Мой дерзкий и безрассудный вопрос был встречен всеобщим весельем. Господин учитель Вюрц взглянул на меня безразлично и промолвил:
— Если когда-нибудь люди будут такими же хорошими, каким был Авраам, Бог, может быть, опять сотворит чудо.
Отовсюду зазвучали голоса:
— Я хороший!
— И я!
Но Вюрц только отмахнулся лениво.
— Этого мало, — сказал он, — всего этого мало. Уже и потому одному, что хорошие дети так не кричат.
Я подумал: это ты только потому говоришь, что господину учителю нельзя по-другому говорить. Этот Бог и этот Авраам, думал я, — такие же сказки, как «Стеклянная гора» и «Мальчик-с-пальчик», только они по-еврейски, как молитвенник, и их надо переводить.
Но я ничего не сказал. Я подумал: как бы он не рассердился.
Только на следующем уроке Библии я попытался снова. И сказал:
— Ведь господин учитель говорит так только потому, что так нужно. А все это одни сказки, как «Стеклянная гора».

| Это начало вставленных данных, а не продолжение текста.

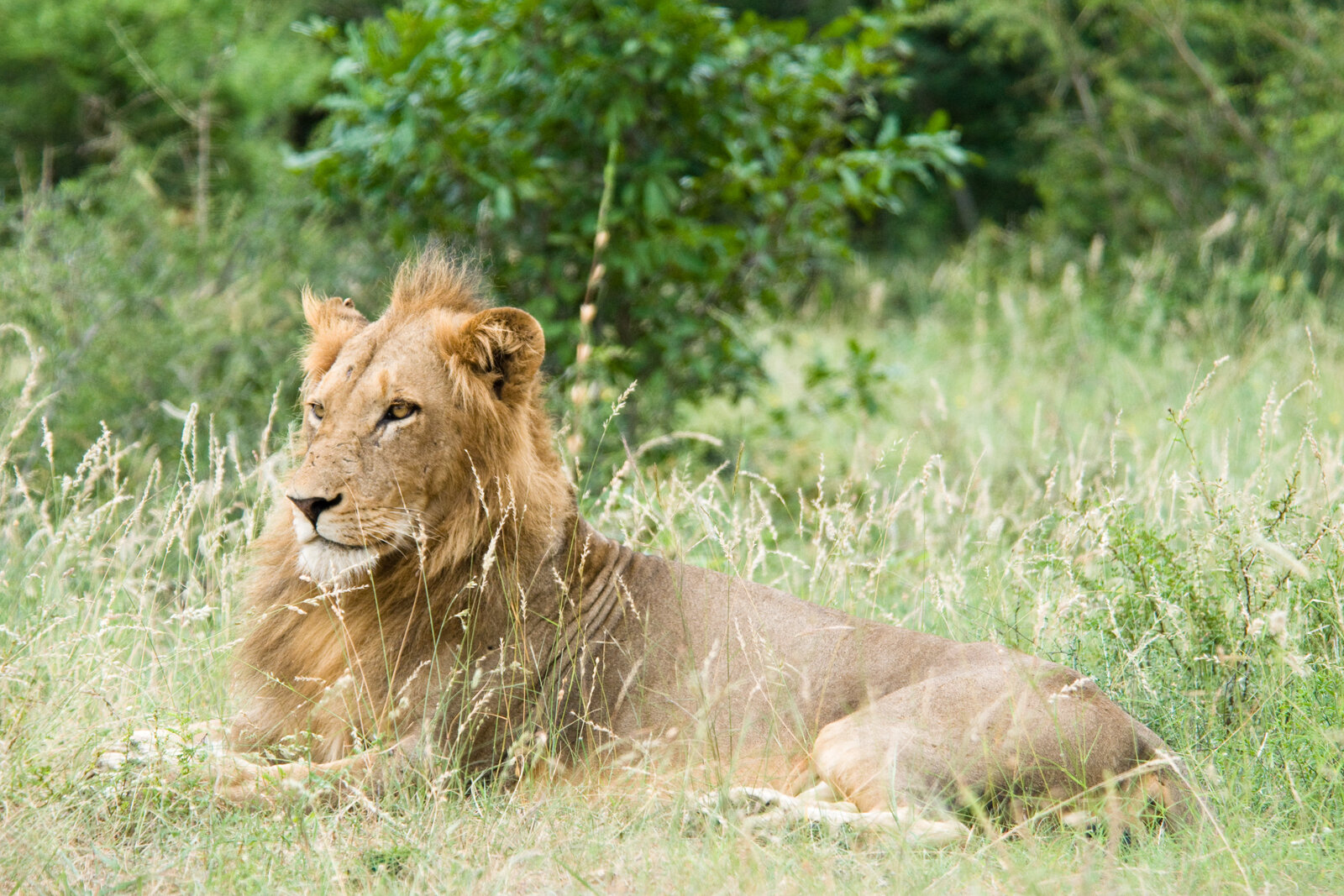 A lion in the cool of an early morning
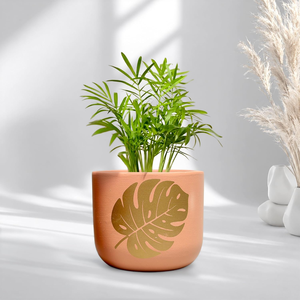 Maceta Artesanal de Terracota con Diseño de Corazón, Hecha a Mano, Colorida, con Orificio de Drenaje para Plantas de Interior, Sala de Estar - Product Image 1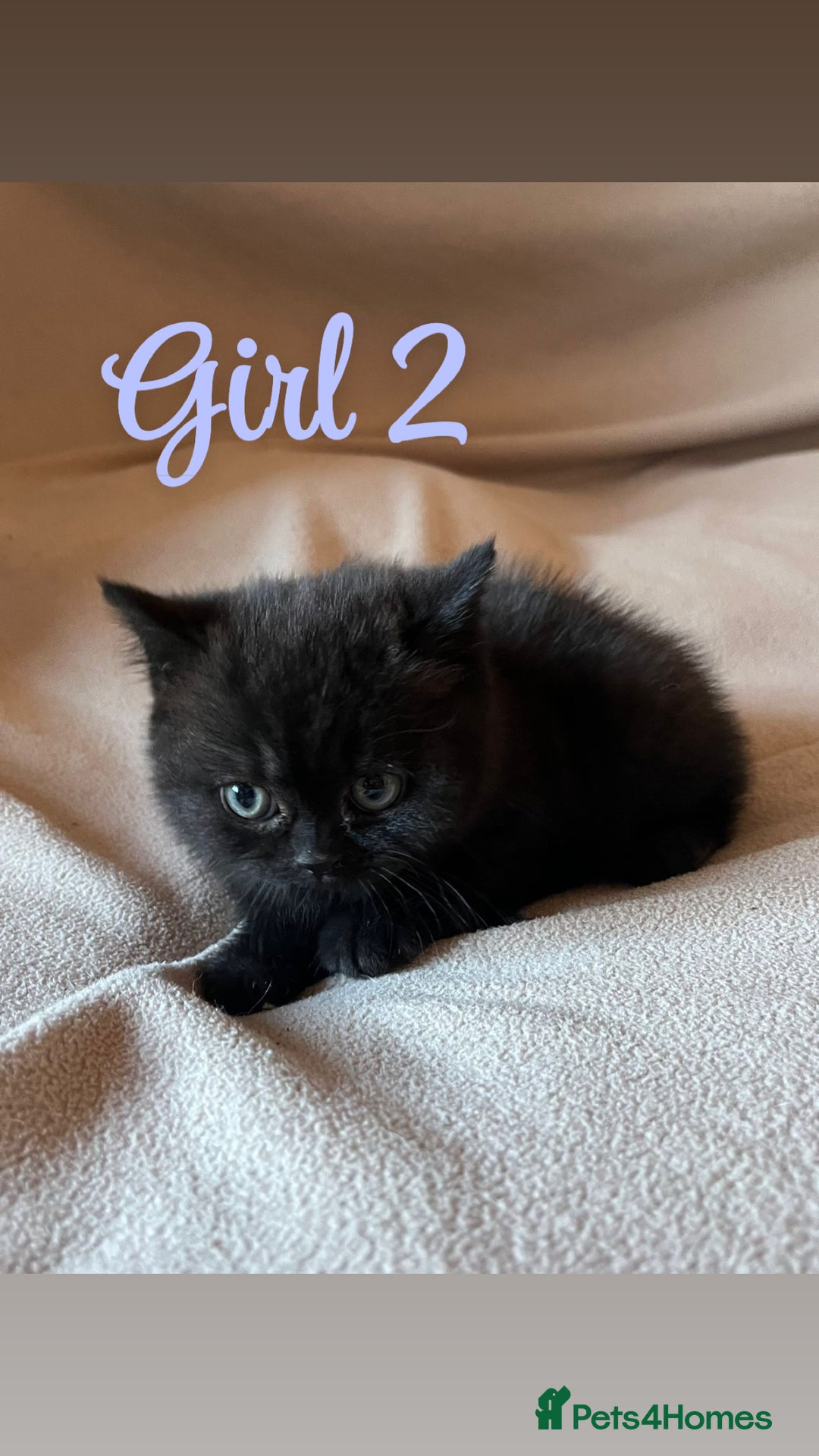 Mixed Breed cats for sale: British Shorthair x Kittens Ready To Leave 🩷🩷 - Advert 9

Он не рассердился, только улыбнулся мне лениво.
— Азарел, — сказал он, — не умничай!
Я почувствовал по голосу, что сердцем он, пожалуй, мягче, чем была госпожа учительница в первых двух классах, и потому осмелел. И сказал:
— Господин учитель говорит, чтобы мы были такие же хорошие, как Авраам? Но здесь написано, что он хотел бросить своего сына в огонь. Значит, и он не был хороший.